Start of Data for analysis

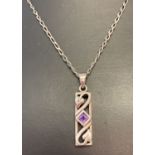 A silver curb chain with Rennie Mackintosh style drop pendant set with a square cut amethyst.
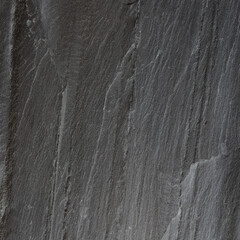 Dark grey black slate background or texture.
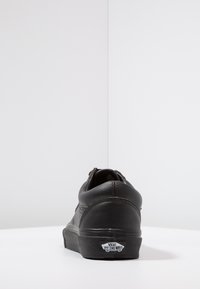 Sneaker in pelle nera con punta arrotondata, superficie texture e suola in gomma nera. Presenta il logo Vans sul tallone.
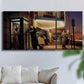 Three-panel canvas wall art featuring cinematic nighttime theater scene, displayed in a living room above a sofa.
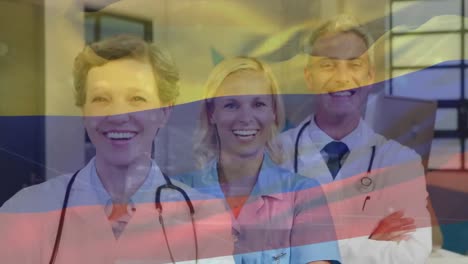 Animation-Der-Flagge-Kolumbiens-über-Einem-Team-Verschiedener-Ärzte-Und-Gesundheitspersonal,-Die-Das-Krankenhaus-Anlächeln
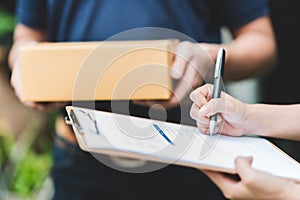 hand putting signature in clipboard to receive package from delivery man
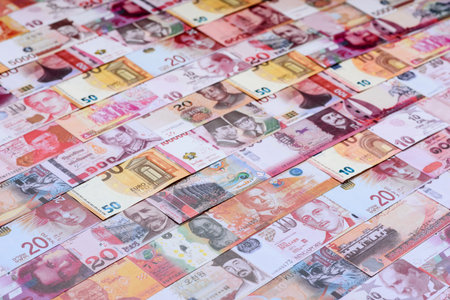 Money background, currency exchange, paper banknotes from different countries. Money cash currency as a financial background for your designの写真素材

End of Data for analysis

Please return only the lines from the one holding "Animation-Der-Flagge" through the end of the data, both ends included; do not copy any pictures.

» Finished exercise
 Animation-Der-Flagge-Kolumbiens-über-Einem-Team-Verschiedener-Ärzte-Und-Gesundheitspersonal,-Die-Das-Krankenhaus-Anlächeln
 hand putting signature in clipboard to receive package from delivery man
 Money background, currency exchange, paper banknotes from different countries. Money cash currency as a financial background for your designの写真素材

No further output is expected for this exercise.